**Aim of the task:** Write the lines out again, from the top of the material to the line containing "Alexandria, VA 22315", pictures excluded.

Top of Working data

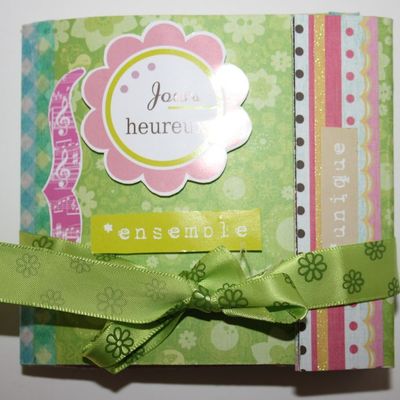 Mini-album "Jours heureux"...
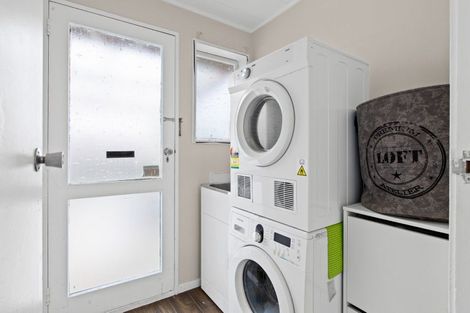 Photo of property in 16 Albert Street, Riverhead, 0820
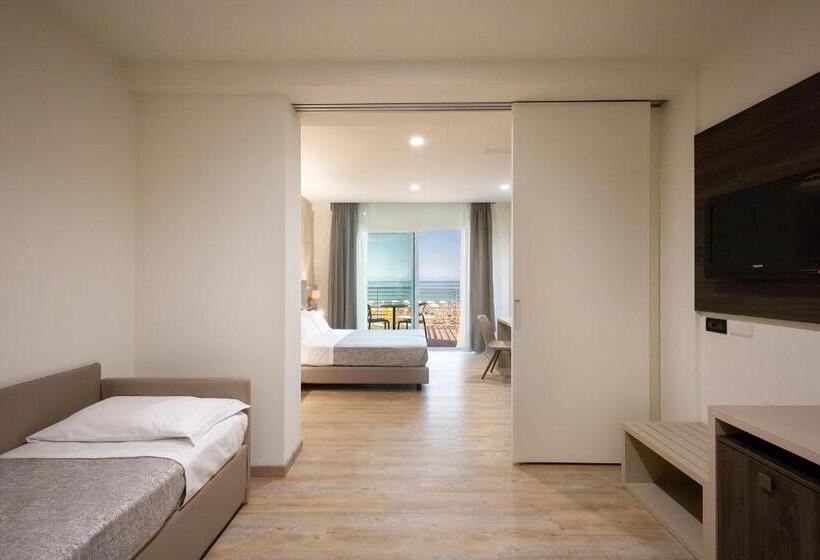 Suite Superioară cu Vedere la Mare, Tritone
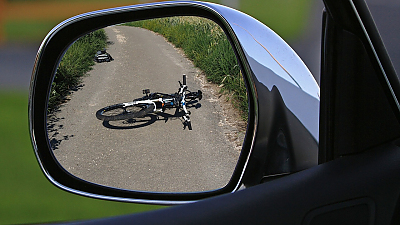 Motorist� versus bicyklist�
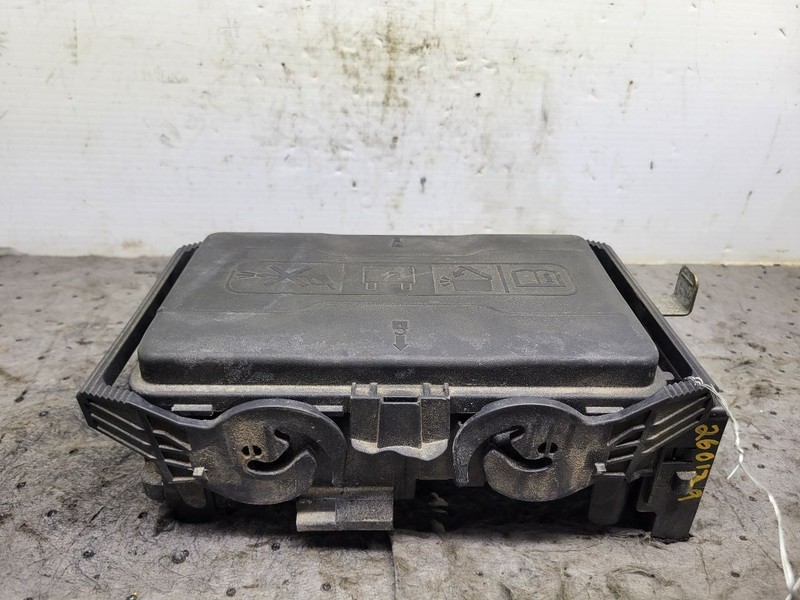 Fuse Box Engine Fits 17 LACROSSE 1780736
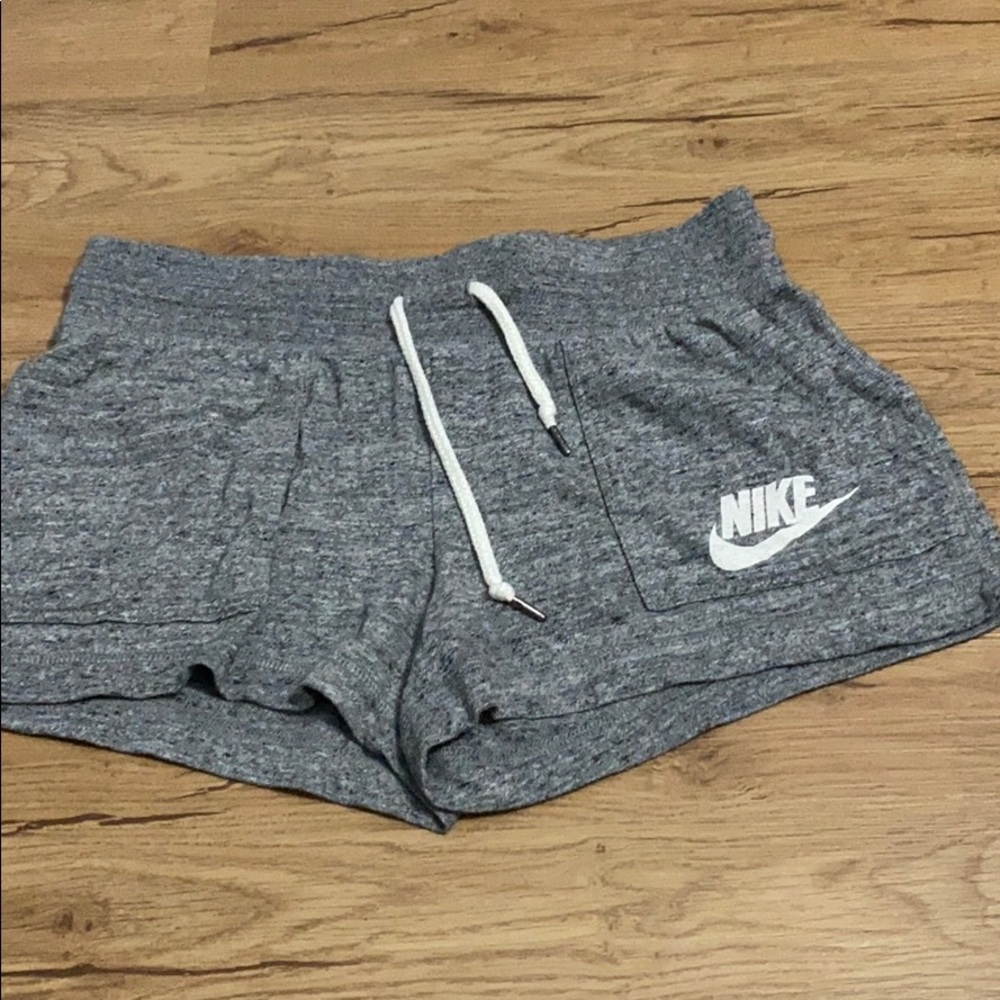 grey comfy nike shorts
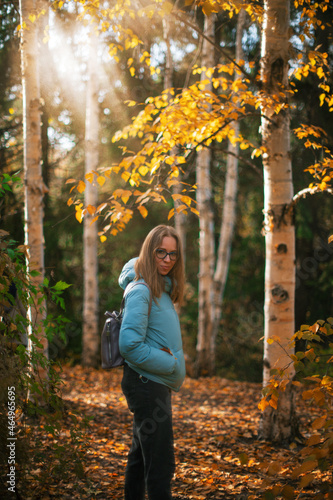 Autumn portrait of beautifu...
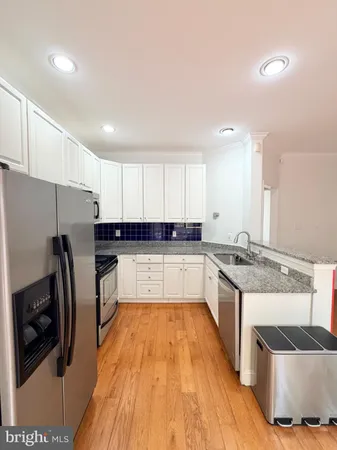 $3,800 | 6622 Frost Lake Lane, Alexandria, VA 22315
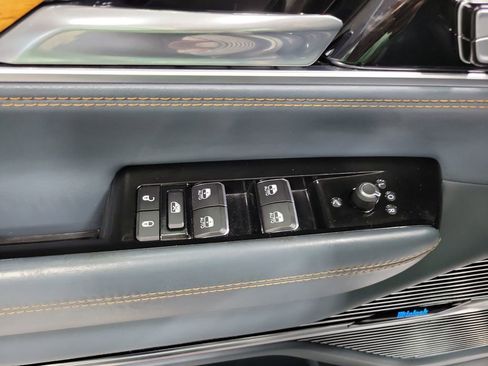 Used 2022 Jeep Grand Wagoneer Series II w/ Convenience Group III image 71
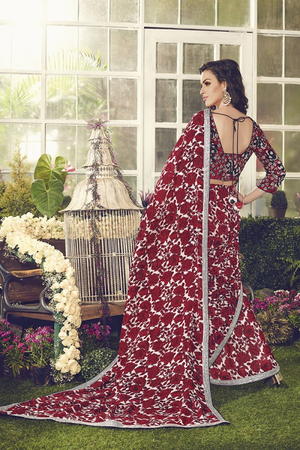Бордовое индийское сари, украшенное вышивкой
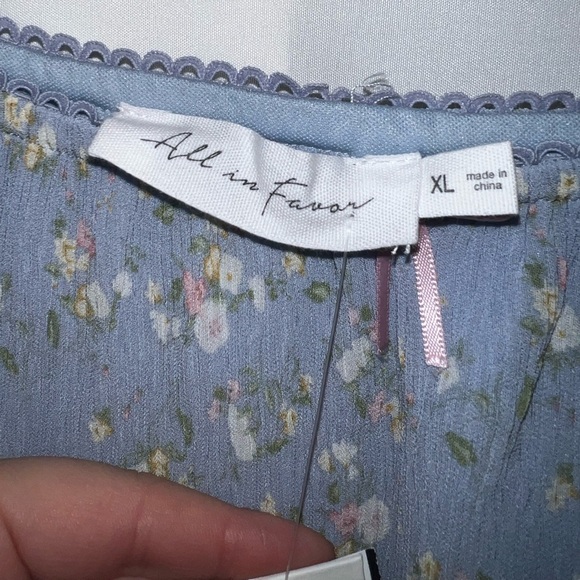 NWT All‎ in favor floral crinkle midi skirt in blue/white/yellow size XL - Picture 5 of 10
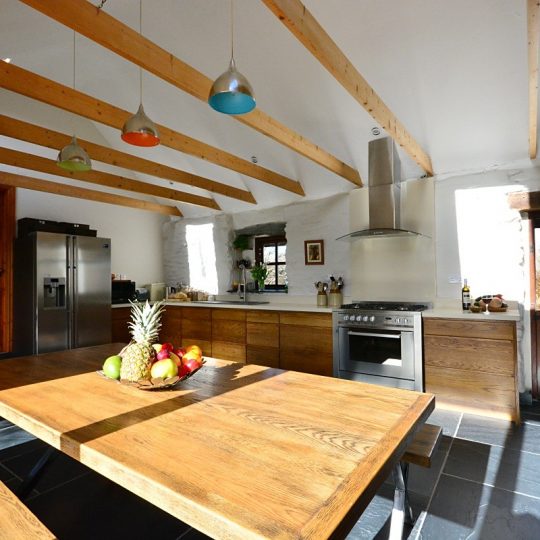 Holiday Letting on the Wild Atlantic Way - Kitchen Diner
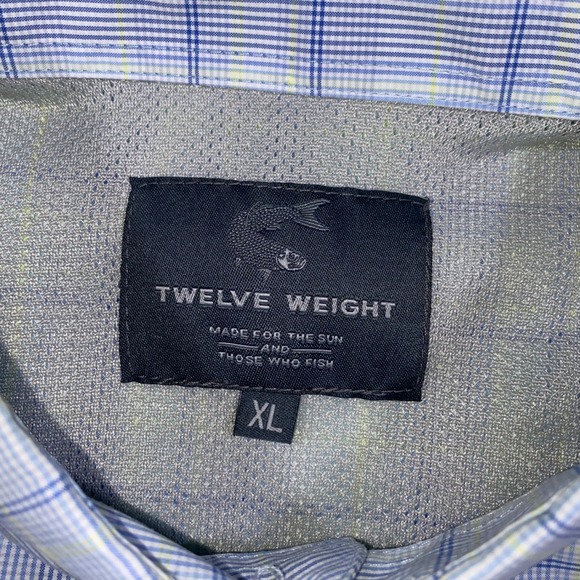 Twelve Weight Mens XL Blue Plaid Vented Long Sleeve Fishing Shirt Button Down - Picture 2 of 6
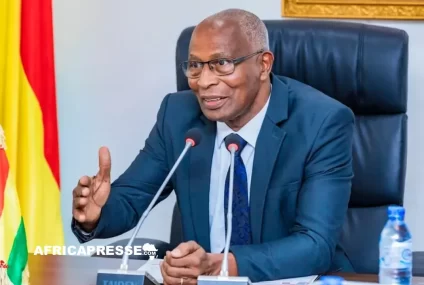 Guinée : Le Premier ministre Amadou Oury Bah annonce la présidentielle de décembre 2025 et des projets ambitieux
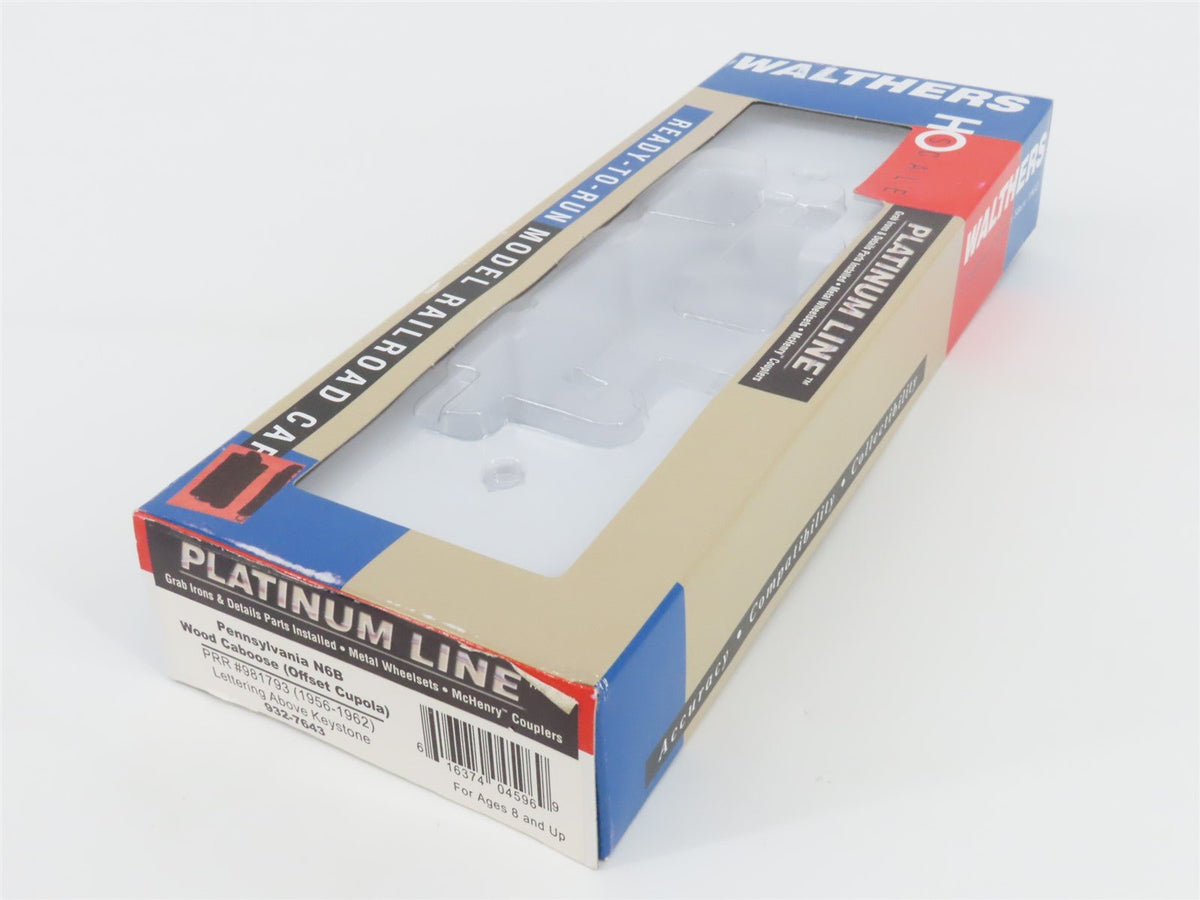 HO Walthers Platinum 932-7643 PRR N6B Offset Cupola Wood Caboose #981793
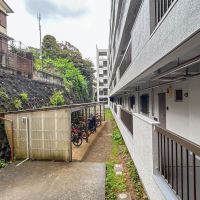 世田谷区成城の賃貸物件/自転車置き場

Bottom of Working data

**Task result:**
 Mini-album "Jours heureux"...
 Photo of property in 16 Albert Street, Riverhead, 0820
 Suite Superioară cu Vedere la Mare, Tritone
 Motorist� versus bicyklist�
 Fuse Box Engine Fits 17 LACROSSE 1780736
 grey comfy nike shorts
 Autumn portrait of beautifu...
 $3,800 | 6622 Frost Lake Lane, Alexandria, VA 22315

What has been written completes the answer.